Taipei, June 12 (CNA) A Tainan Mazu temple is threatening legal action against a hole-in-the-wall shrine that publicly proclaimed the marriage of the sea goddess to the Holy Ruler Deity Guan.

In a statement on Tuesday, the Luerhmen Tienho Temple said it was unaware of the so-called "marriage and pilgrimage" carried out by the Tainan Wuxuan Shrine on June 9.

Despite welcoming all visitors, the shrine's actions had tarnished Luerhmen Tienho's reputation, the temple said, adding that it would demand a formal apology and reserved the right to pursue legal action.

The statement came days after thousands of angry worshippers blasted the shrine's disrespectful behavior towards the deities and the temple's dismissive handling of the matter.

In the pilgrimage conducted by the shrine -- a common religious practice in which deities get to visit each other to strengthen fellowships-- the Holy Ruler Deity Guan was said to also enter marriage with a subordinate Mazu divided from the one enshrined in the Luerhmen Tienho Temple.

The shrine even had Mazu take on the married name "Guan" in its promotional materials, and placed red pom-poms on the chests of the deities inside the palanquin that carried them during the pilgrimage.

Luerhmen Tienho Temple staff initially blocked the pilgrimage, only acquiescing once Mazu and Guan agreed to shed their cherry garnitures.

In an interview with local media TVBS, temple chair Lin Yu-shan (林玉山) questioned whether the other party was trying to leverage the prestige of the Mazu temple, which was built in 1946.

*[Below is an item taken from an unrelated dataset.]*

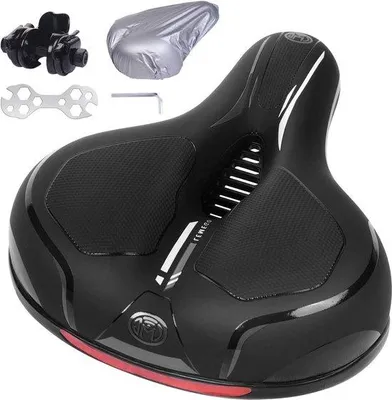 Produktbild von Famanu Fahrradsattel Komfortabel - Ergonomisch, Wasserdicht, Atmungsaktiv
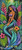 Moonlit Lagoon Siren © Kelly Reins - Diamond Art Kit - Made to Order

While the marriage proposal was considered a private matter within the shrine, it should not have been given without a notice, Lin said, stressing that "even Mazu would be shocked."

Angry comments also spread widely online, with some expressing support for legal action, fearing that without it, "acts like vandalism or murder might be justified as the will of the heavens."

"Unblessed marriages are never happy," another commenter said.

Despite the furor, the Wuxuan Shrine initially held firm that the couple's betrothal was a blessed one.

"Any instructions from the deities do not require interference from online critics or consent from the public," it said on its Facebook page on June 9.

The shrine also urged the public to "maintain their own spiritual cultivation and avoid creating negative karma with their words."

However, the shrine closed the page and, on Wednesday apologized for "bringing unnecessary trouble to the Luerhmen Tienho Temple and causing social disturbances."

The shrine clarified in a statement that there was no "marriage" planned, and the wording of the "internal campaign" was leaked due to inadequate control, leading to misunderstandings and suspicions from the public.

"If there are further malicious attacks or verbal abuse against our legitimate religious beliefs, we will gather evidence and take appropriate legal action to uphold our freedom of religious belief," it said.

Originating from southeastern China's Fujian province, Mazu was a Fujianese shamaness believed to have special powers in protecting fishermen and seafarers.

Over the centuries, the worshipping of Mazu spread through China's coastal regions and in overseas Chinese communities in Southeast Asia. Belief in Mazu was brought to Taiwan by early Chinese settlers and is still widely held.

In later years, she came to be regarded as a benevolent protector of all, not just fishermen and seafarers.

The Holy Ruler Deity Guan, meanwhile, was a deified general from the Three Kingdoms period.

He is remembered as one of the greatest military figures of Classical China, revered for his loyalty, righteousness and integrity.